So many holes in things—
those an armadillo leaves in a lawn,
a moth in wool,
rain in sandstone,
woodpeckers and sapsuckers
in a pine’s flaking tissues of bark.
Some holes we make,
some are drilled into us.
Our drive is to fix them (holes in our hearts,
holes in our bodies, holes that remain
when our children leave us—
a thing we are never prepared for.)
When we cut a tree we leave a hole.
When we cut a forest we leave a bigger hole.
And now
think of blades, sharp beaks, teeth,
things that rob flesh and thew.
The earth is forever
trying to repair the hole of our being.
What if
we thought of each hole
as a chalice? The clearcut a chalice,
our gobbling bodies chalices.
This old longleaf pine trunk, then,
is a table of chalices, and what if
each chalice was filled with wine,
or whiskey, or sap rising in a froth?
Then loss would be a drunken splendor,
a banquet of absence,
a feast—
yes, an intoxicating
feast of injury.
I’d drink, to honor the doing
and then the raw and speechless undoing.
About this Poem
Often when I am teaching a writing workshop I am sneaking time to write.
I wrote the poem above in an ekphrastic poetry workshop I led at the Georgia Museum of Art in Athens on November 18, 2022. During the workshop the viewers sat before the paintings of Kristin Leachman, hung for her show “Longleaf Lines.” Her paintings are images of pine bark, the view so close that the bark is almost abstracted. Leachman uses skin tones as her colors.
About fifteen people had signed up for the workshop, and we wrote together in a silent room—when people work together, a palpable energy takes hold, and that energy causes ideas and words to (silently) bounce around, until something new lands in your own head. I thank my fellow writers.
A few months later I reworked the poem during a writers co-working session, April 6, 2023, online via Zoom. I could see my writing friends working at their own desks and stations as I worked. I thank them for the energy their presence loaned me.

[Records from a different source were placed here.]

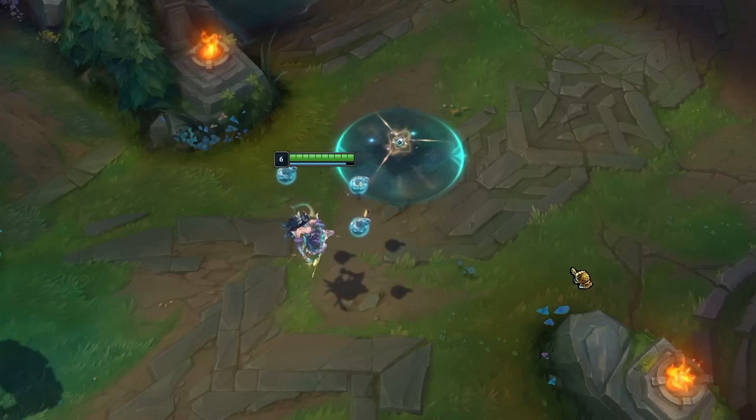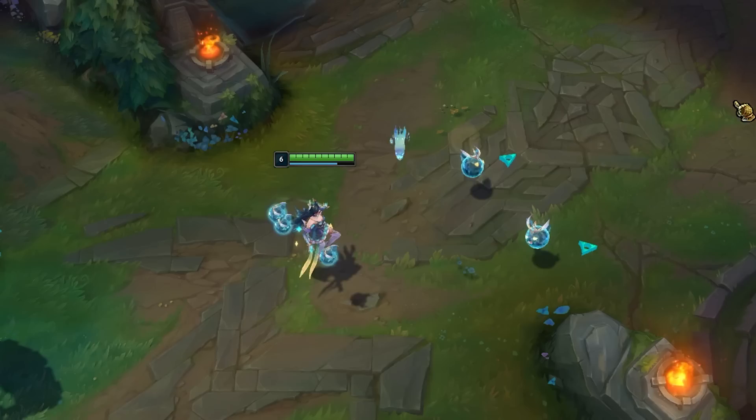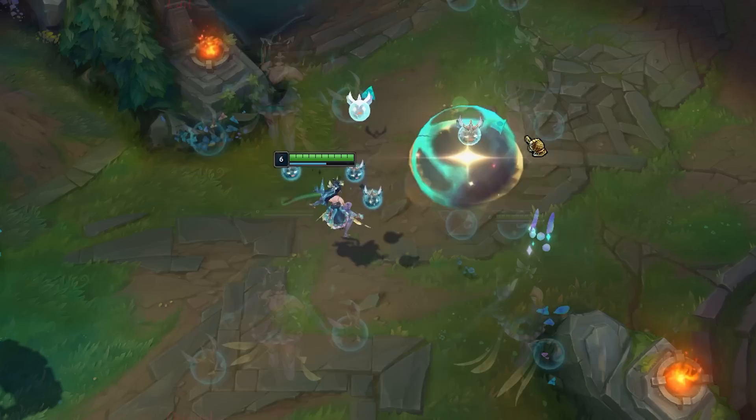The skin will be available next patch since it's already on the PvE if you wanted to check it out, however there will most likely be some changes made before it hits live. For example, her hair in the splash art is fairly wavy and flowy, but in-game it just kind of looks different.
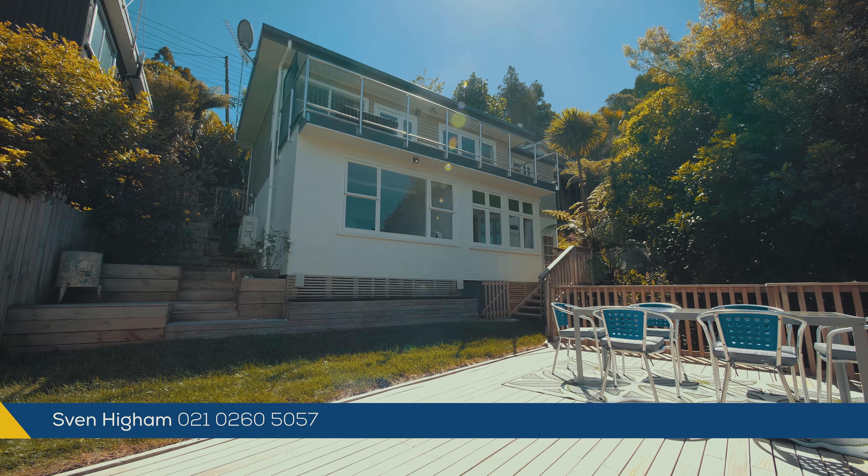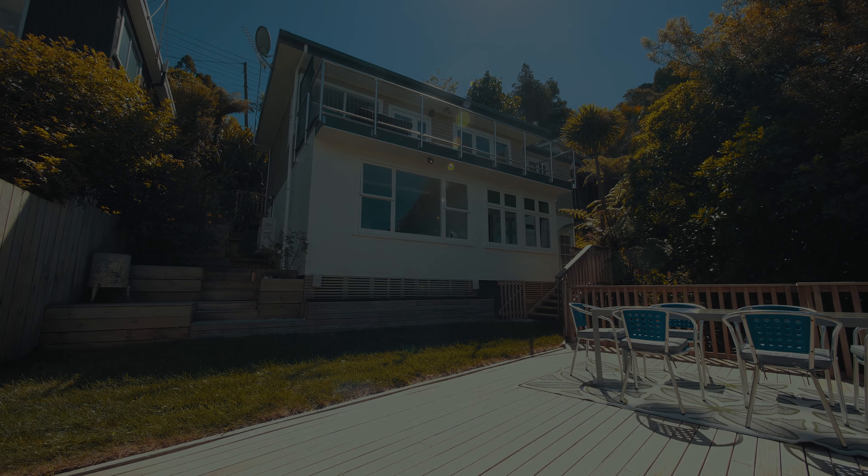Pop along to one of our open homes on Saturday or Sunday from 11 to 11:30, or for a private viewing give us a call. We look forward to showing you through. We are marketing and selling the property by auction — for all those details jump online or give us a call.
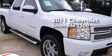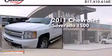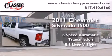This is a brand new 2011 Chevrolet Silverado 1500. This truck has a six-speed automatic transmission and a 5.3 liter V8.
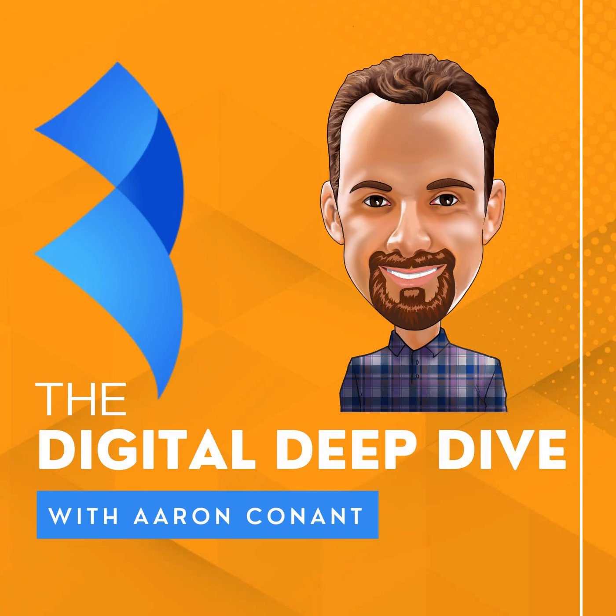Hello everybody and welcome back to the Digital Deep Dive podcast. I'm your host Aaron Conant, and today we wanted to dive into the topic of direct import with Amazon. I talk to 20 or 30 brands a week helping out with digital strategy, and when the same topics come up over and over again we pull them into the podcast. Direct import is directly related to the fact that a lot of people are trying to optimize profitability and pricing strategy with Amazon, and although it's just a couple words, it seems very complex to set up correctly.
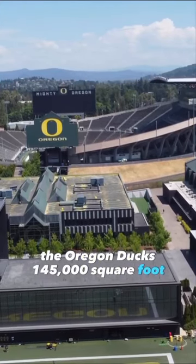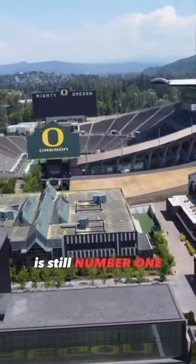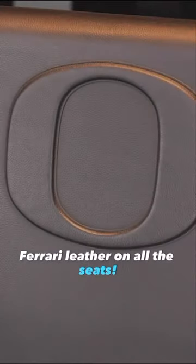Here's why the Oregon Ducks' 145,000 square foot football facility that opened in 2013 is still number one. Starting with the Ferrari leather seats in the team theater — you heard me, Ferrari leather on all the seats.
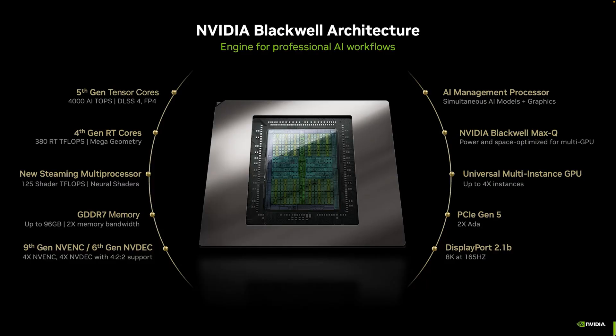Blackwell represents a massive gen-to-gen upgrade in terms of not just performance, but also capabilities. We introduced new cores across the board, including new Tensor cores delivering up to 4,000 AI TOPS of throughput for cutting-edge AI models. We've also introduced support for 4-bit floating point in order to run newer models with a lower memory footprint and much higher throughput. In other words, AI is even better here.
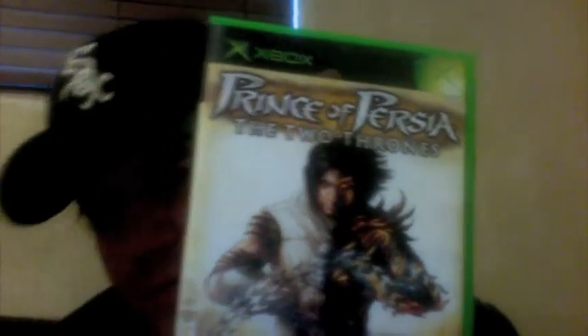Then again from Value Village, for the Xbox, I got Prince of Persia: The Two Thrones. This one's got a bit of a marked up case and the manual's missing, but I just wanted it because it's a fun game.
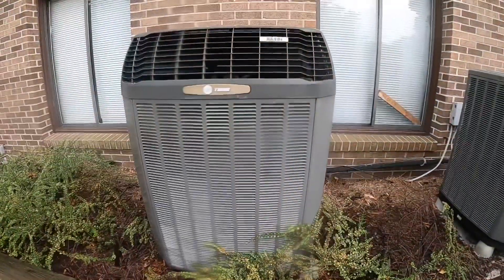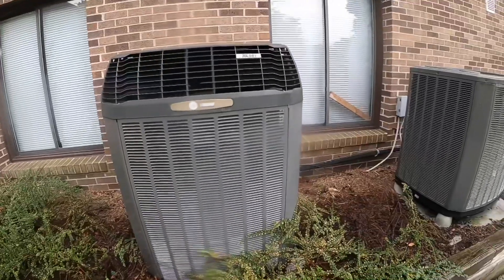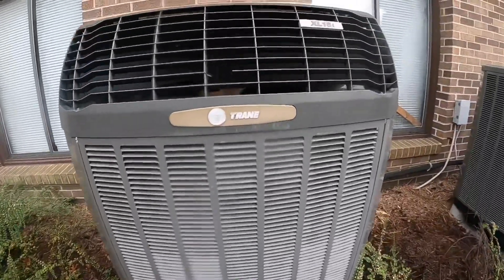There's a startup in the rain of this Trane XL16i at a business complex. Love these units.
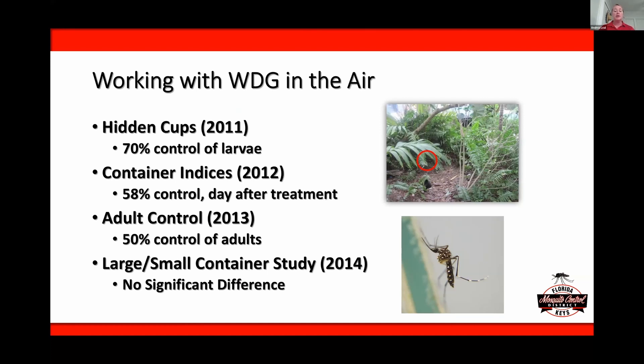We continued working to confirm this was making a big difference. We did hidden cup trials where we hid cups in very dense vegetation, checked container indices, and also looked at overall adult control — comparing treated areas versus areas we weren't treating. We did find that we were reducing our adult population by about 50%. We also found that when it comes to large and small containers, there was no significant difference in the control — excellent results throughout this timeframe.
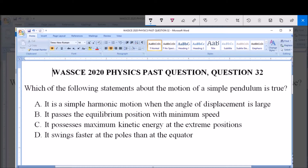We are asked to pick an option which is true about the motion of a simple pendulum. A simple pendulum actually exhibits simple harmonic motion — SHM.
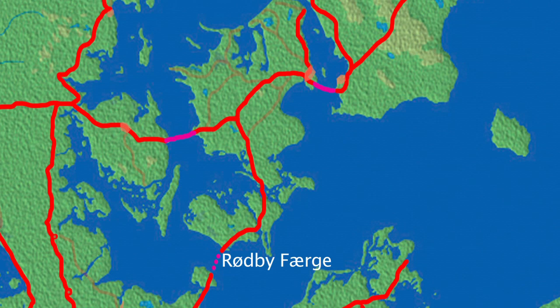Rødbyhavn, by the way, has a population of 6,500. This first section of our journey — Rødbyhavn to just short of Nørrebing — is over the island of Lolland, the fourth largest island in Denmark. Its population is under 70,000. The largest town on the island is Nakskov, which lies in the far west. Nakskov is rail-served by a branch from this line, the two coming together south of Nørrebing.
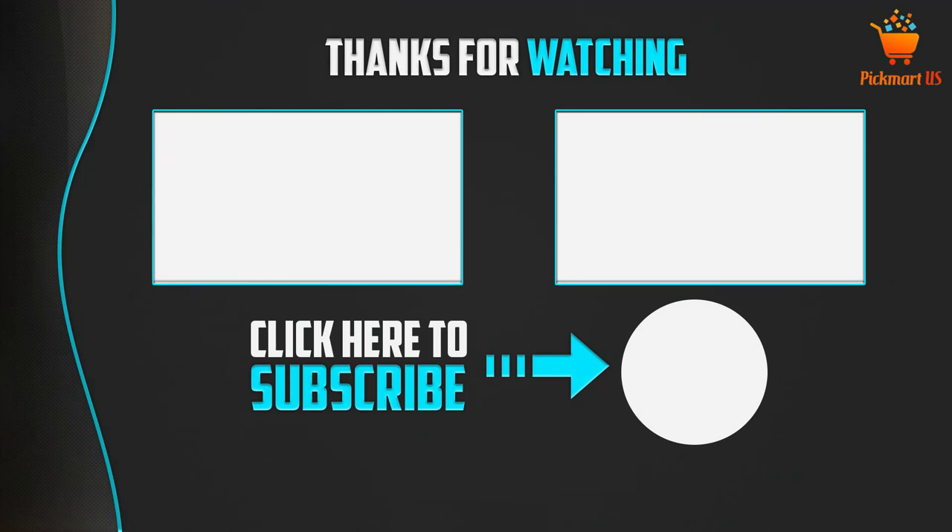Thank you for watching. I hope you liked this video. If this video was helpful to you, please make sure to like, comment, and don't forget to subscribe to my channel to see more videos like this.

What is Ekphrastic Poetry?
“Ekphrasis” means “description” in Greek. Ekphrastic poetry describes a work of art in intense detail, adding to its meaning. One example is John Keats’s “Ode on a Grecian Urn.”
The Art of Place
I wrote about the Leachman exhibit in Athens, Georgia last year in this newsletter called “The Art of Place.” It contains a second ekphrastic poem from the Leachman exhibit.
Coming Up:
A Few Thoughts on Comparing Europe to the U.S.
A month ago I returned to the U.S. after spending three weeks in Europe, my first plane travel in 15 years. I have been working on an essay that contains observations I made after so many years of not flying and also on closely observing Europe as compared to the U.S.
For example, night-driving in Europe was not the growing problem that it is in the U.S. Europeans are not blinded by LED and HID (high intensity discharge) headlights, as they’re called, on U.S. roads. This is a huge problem that nobody is talking about at all.
I publish “Trackless Wild” on Wednesdays, and I’ll be dropping that essay in a few weeks.
My "hole epiphany" came while reading Doug Tallamy's Bringing Nature Home. Before, I had looked at spring's new leaves and bemoaned how they were already so eaten up by insects. Now I celebrate those holes as caterpillar food and caterpillars as bird food and butterflies.
Such a powerful poem, Janisse. Thank you. And yes ... the words that bounce silently around during a co-writing session. I thank you for the sessions you have facilitated and offered. I do my best writing in those. Can't wait until they resume.